31. The retiring Chairman, if not re-appointed to that office or the office of Vice-Chairman, Honorary Secretary or Financial Director shall serve on the Board during the following year as Immediate Past-Chairman and shall then be eligible for re-appointment as an Officer or for election to membership of the Board.
32. No persons shall be eligible for election to membership of the Board unless not less than twenty-eight days before the date of the meeting there shall have been given notice in writing by two members of the Group having voting rights of their intention to propose and second such person for election as a member of the Board provided that not more than two members of the Board elected under Article 21 (b) may be a Director or employee of any one member of the Group.
OTHER HONORARY OFFICERS
33. The Board shall have power at any time to appoint any person to be President, and any persons to be Vice-Presidents for a period of not more than three years. Such persons shall ex-officio be members of the Board.
34. The Board may from time to time appoint any person to the office of Chief Executive for such period and on such terms and with such title as they think fit and, subject to the terms of any agreement entered into in any particular case, may revoke such appointment.
35. Subject to Clause 4 of the Memorandum, a Chief Executive shall receive such remuneration as the members of the Board may determine.
36. The Board may delegate to and confer upon a Chief Executive day to day administration of the Company upon such terms and conditions and with such restrictions as they think fit and may from time to time revoke, withdraw, alter or vary all or any of his powers provided that the Chief Executive should report as soon as possible all acts and proceedings undertaken by him under this clause to the Board.
The Chief Executive shall be entitled to attend meetings of the Board and of the Executive Board. He shall also be entitled to speak at any such meetings but may not propose or vote on any resolution.

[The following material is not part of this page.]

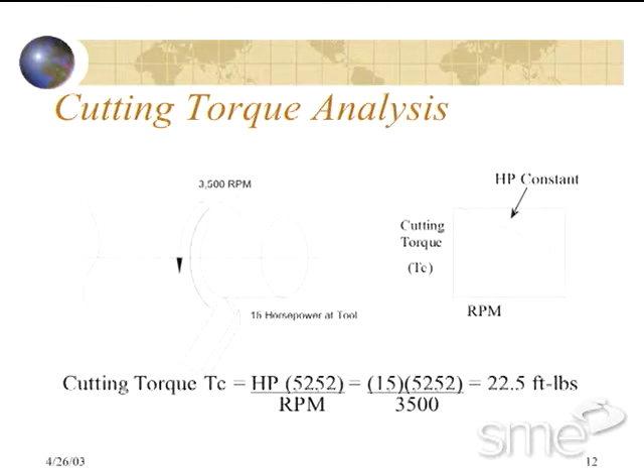The following formula, which is found in the Machinery's Handbook, states that torque is equal to horsepower times 5,252 divided by RPM.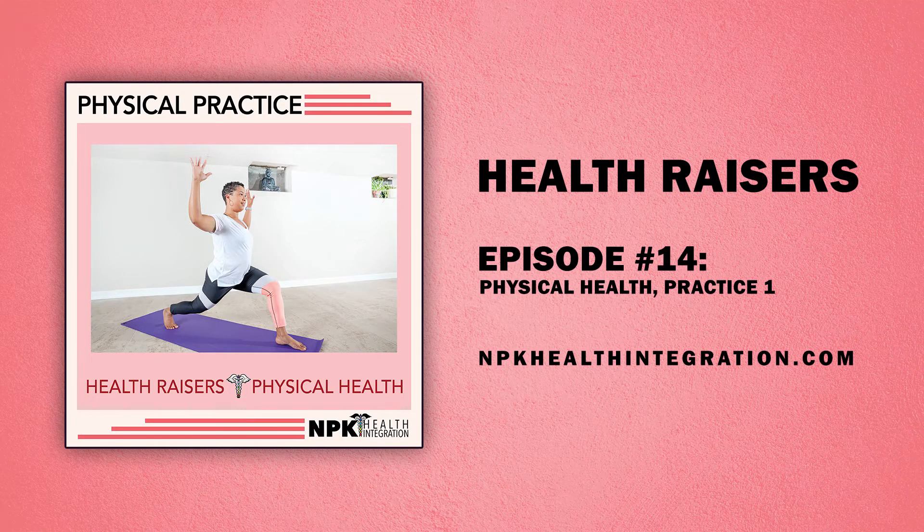Sit tall. Place your hands in the center of your thighs. Elbows relaxed by your sides. Roll your shoulders up towards your ears on the inhale, exhale roll them back and down. Repeat — inhale up, exhale back and down — three times. Then reverse: inhale up, exhale forward and down, three times. And release.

37. The Board shall have power to appoint a Secretary for such term, at such remuneration and upon such conditions consistent with Clause 4 of the Memorandum of Association as they may think fit; and any Secretary so appointed may be removed by them. The Board may in its discretion appoint an unpaid Secretary to be known as the Honorary Secretary.

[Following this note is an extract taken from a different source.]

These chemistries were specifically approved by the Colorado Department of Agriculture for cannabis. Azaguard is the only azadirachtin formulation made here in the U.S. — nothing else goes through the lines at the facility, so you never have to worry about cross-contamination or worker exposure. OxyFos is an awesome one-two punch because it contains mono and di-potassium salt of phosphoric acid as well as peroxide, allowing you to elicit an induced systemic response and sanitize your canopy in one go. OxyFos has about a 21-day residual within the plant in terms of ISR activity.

38. Sections 283, 284 and 285 of the Act shall apply and shall be observed.
POWERS OF THE BOARD
39. The business of the Group shall be managed by the Board who may pay all such expenses of, and preliminary and incidental to, the promotion, formation, establishment and registration of the Group as they think fit, and may exercise all such powers of the Group and do on behalf of the Group all such acts as may be exercised and done by the Group and as are not by statute or by these presents required to be exercised or done by the Group in General Meeting; subject nevertheless to any regulations of these presents, to the provisions of the statutes for the time being in force and affecting the Group and to such regulations, being not inconsistent with the aforesaid regulations or provisions, as may be prescribed by the Group in General Meeting, but no regulation made by the Group in General Meeting shall invalidate any prior act of the Board which would have been valid if such regulation had not been made.
PROCEEDINGS OF THE BOARD
40. The Board may meet together for the despatch of business, adjourn and otherwise regulate their meetings as they think fit, and determine the quorum necessary for the transaction of business. Unless otherwise determined five members of the Board shall be a quorum. Questions arising at any meeting shall be decided by a majority of votes. In case of an equality of votes, the Chairman shall have a second or casting vote.

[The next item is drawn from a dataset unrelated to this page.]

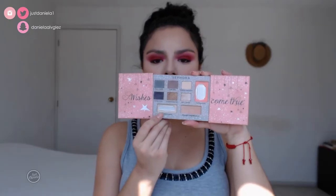For highlight I'm going to take Nighttime Glow from the same Sephora palette and apply it all over the areas I want to highlight.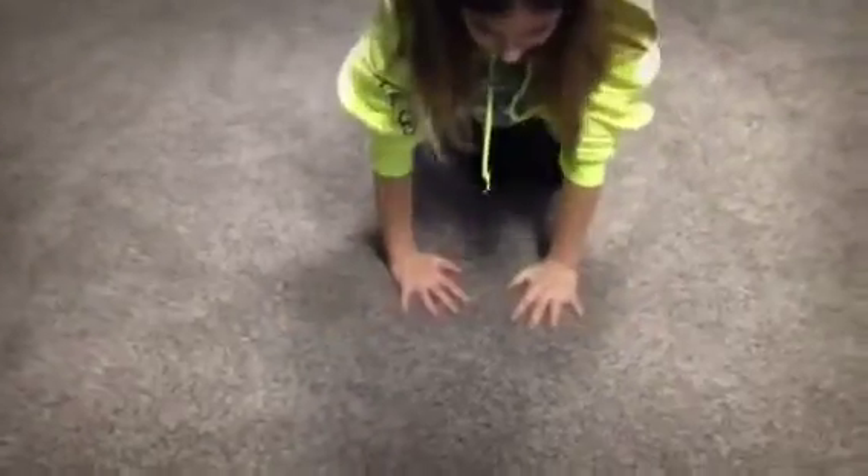After butterfly pulses, do pike pulses and straddle pulses. Then you're going to do wrists — like that, and that, and that, and this.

41. If the Chairman is not present within five minutes after the time appointed for holding a meeting of the Board the members present may choose one of their number to be Chairman of the meeting.
42. Any three members of the Board may, and on the request of three members of the Board the Secretary shall, at any time summon a meeting of the Board by seven days notice served upon the several members of the Board.
43. The Board may delegate any of its powers to standing and other committees consisting of such member or members of the Board or other persons as they think fit, and any sub-committee so formed shall, in the exercise of the powers so delegated, conform to any regulation imposed on it by the Board. The meetings and proceeding of such sub-committees shall be governed by the provisions of these presents for regulating the meetings and proceedings of the Board so far as applicable and so far as the same shall not be superseded by any regulations made by the Board, provided all acts and proceedings of such committees shall be reported to the Board as soon as possible.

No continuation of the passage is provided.